Given these entries, repeat exactly the lines starting with the one that has "Um cachorro preto" and going on through the one that has "German Wedding Helmet", both included, but none of the pictures.

Material for the task —
################

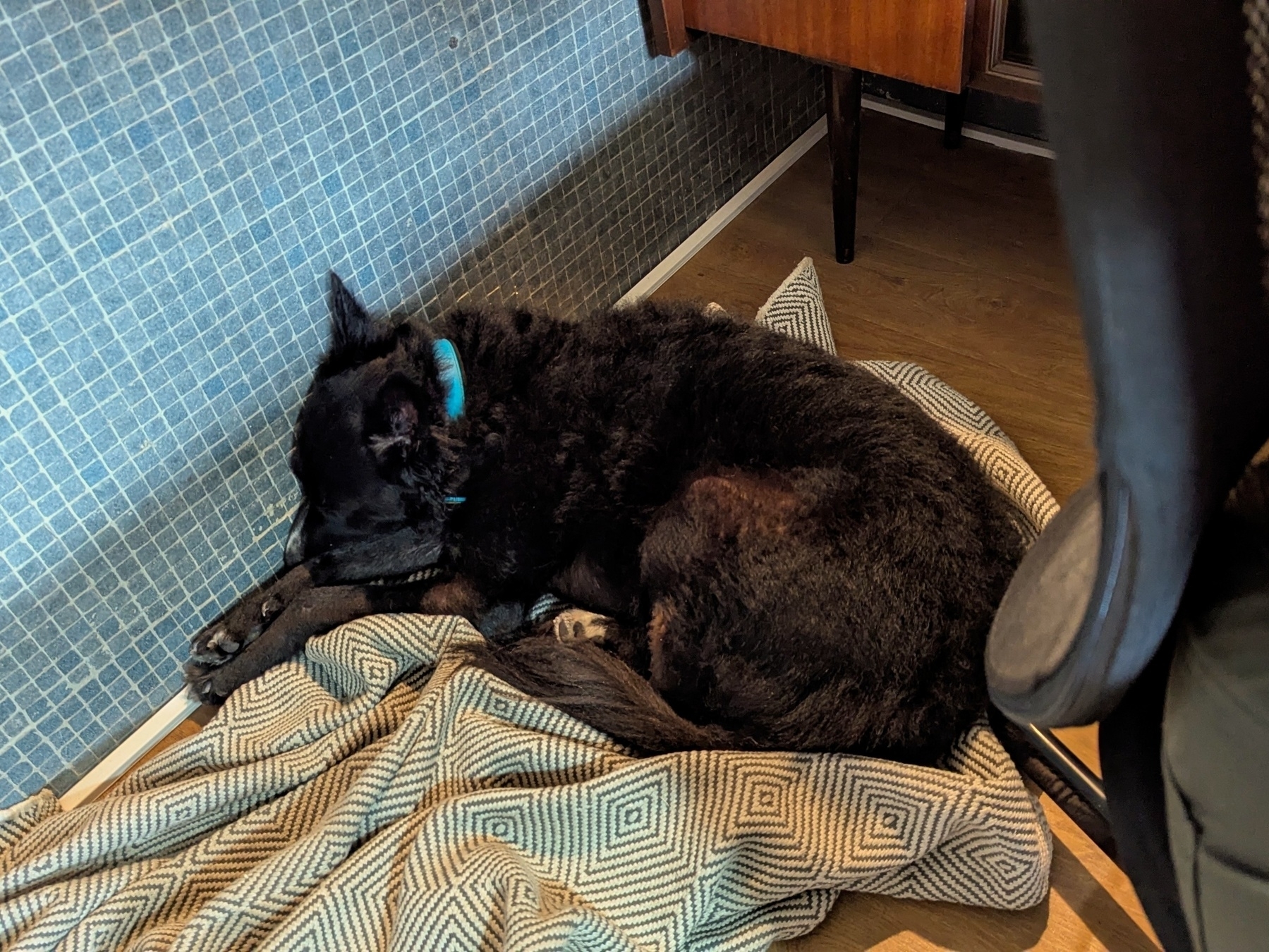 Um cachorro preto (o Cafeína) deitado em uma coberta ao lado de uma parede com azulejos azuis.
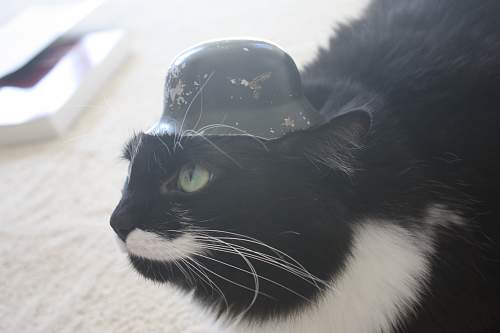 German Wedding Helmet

################

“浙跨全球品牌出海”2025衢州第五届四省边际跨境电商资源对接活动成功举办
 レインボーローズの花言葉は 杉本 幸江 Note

################

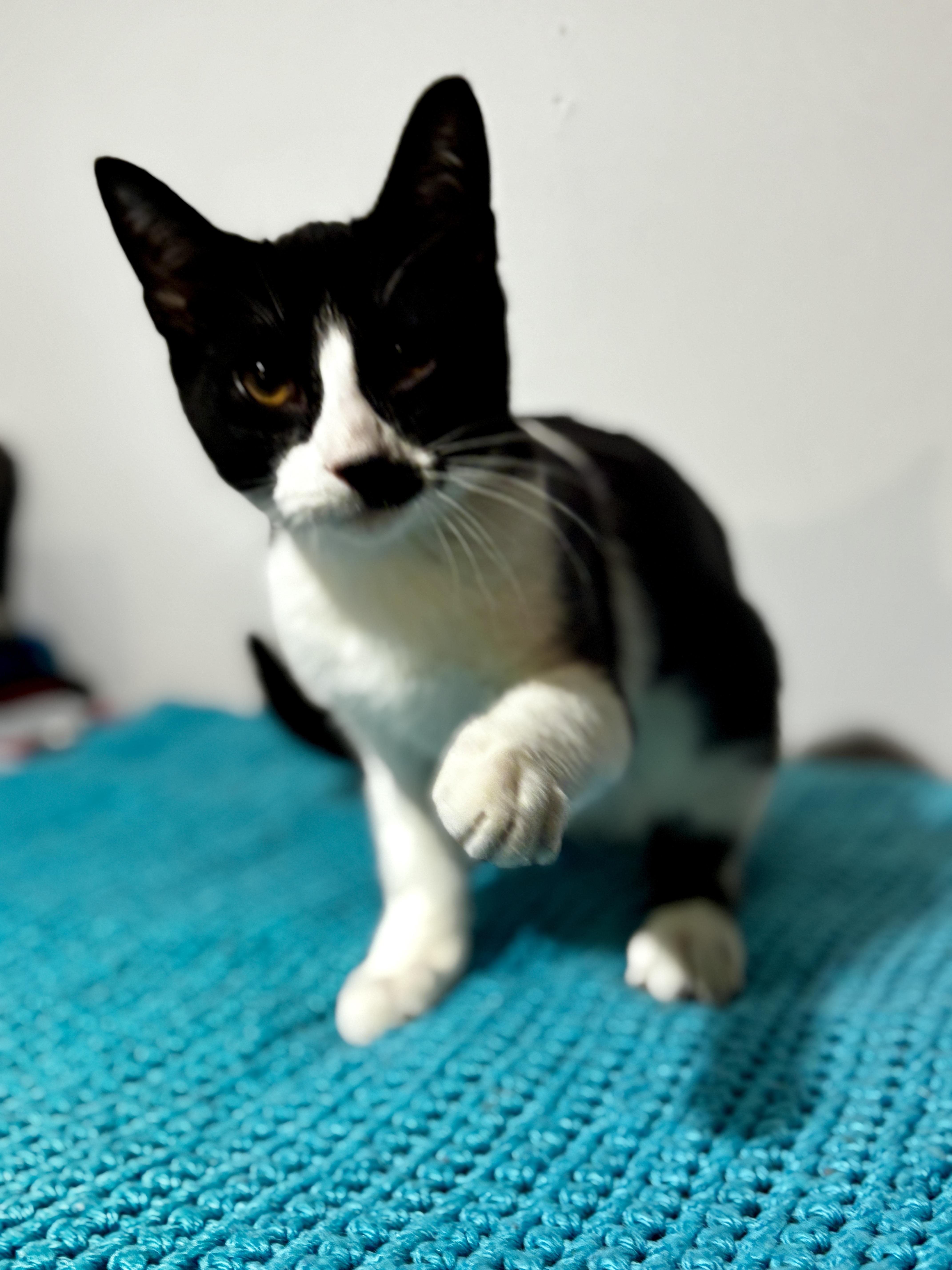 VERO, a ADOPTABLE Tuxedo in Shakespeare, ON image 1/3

################

Answer area —
 Um cachorro preto (o Cafeína) deitado em uma coberta ao lado de uma parede com azulejos azuis.
 German Wedding Helmet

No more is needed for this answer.